Francine schreide, haar hoofd in haar handen.
‘Philip. Jetje.’
Annette keek naar haar. Zij had niet geschreid. Geen woord zelfs had zich kunnen
worstelen over haar bleeke strakke lippen sinds dat uur, toen zij argeloos
gewacht hadden aan de gedekte tafel op de laatkomster. En Frederik naar boven
geloopen was eindelijk, en plagend vroolijk geroepen had door de deur naar het
luie meisje dat een gat in den avond sliep.... Tot hij - plotseling bewust van
een stilte om hem, de deur zacht opende en had gesproken met beklemde stem het
donker in:
‘Mijn kind - slááp je nog?’ En toen op eenmaal verstomd was om niets dan wat even
zichtbaar werd in den lichtschijn door de deur: een kleine witte hand die
zonderling onverschillig langs den bedrand afhing.
Wat hem struikelend zich deed keeren en het licht aanknippen, dat ingebroken
plotseling ruw de gansche kamer verlichtte, met op het bed de roerlooze
zwijgende gedaante.
Niemand had hem gezien, doorzakkend in zijn plots krachtelooze knieën, en tastend
naar die hand, over dat gezichtje waarvan de starre kou hem een schorren kreet
deed slaken - een kreet dien Pieter uit de gang de trappen deed ophollen. En
samen hadden zij vergeefs trachten leven te roepen in het beweeglooze lichaam,
dat daar lag, een trek van smartelijken zegepraal om den bleeken mond.
Hoe hadden zij het Annette gezegd....
Pieter, bevend op zijn beenen, kwam naar beneden om Bergema te telefoneeren -
maar in de gang had zijn moeder voor hem gestaan, gewaarschuwd door iets....
Zijn grauwbleek ontdaan gezicht, zijn stokkende stem in den telefoon, deed haar
de trap opstrompelen.
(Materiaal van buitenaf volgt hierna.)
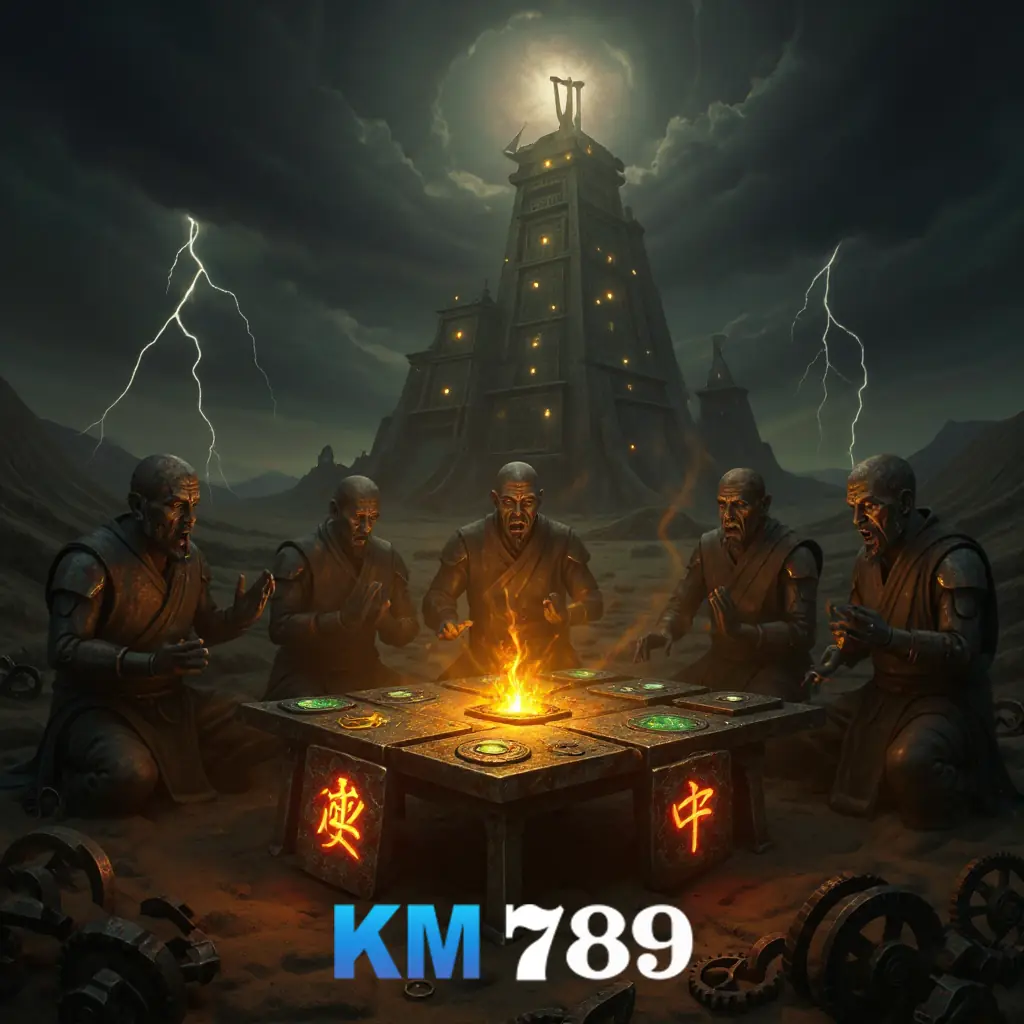 Km789 Apk Apk v50.1 (New) Android Inches Design - WooCommerce eCommerce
En zij was het, die onmiddellijk het glas ontdekte waarin
nog wat poeder zichtbaar was.
Bergema, hijgend in zijn corpulentie, was er binnen het kwartier, en daarna
hadden zij gestaan, alle vier, in een zwijgen zoo verschrikkelijk, dat de dokter
zich opeens had omgekeerd - de gang was ingeloopen.
Binnen zat de oude Frederik de handen in elkaar gewrongen, zijn magere polsen ver
uit de blinkende manchetten reikend.
‘De schoft - de schoft! Wat heeft hij met mijn kind gedaàn!’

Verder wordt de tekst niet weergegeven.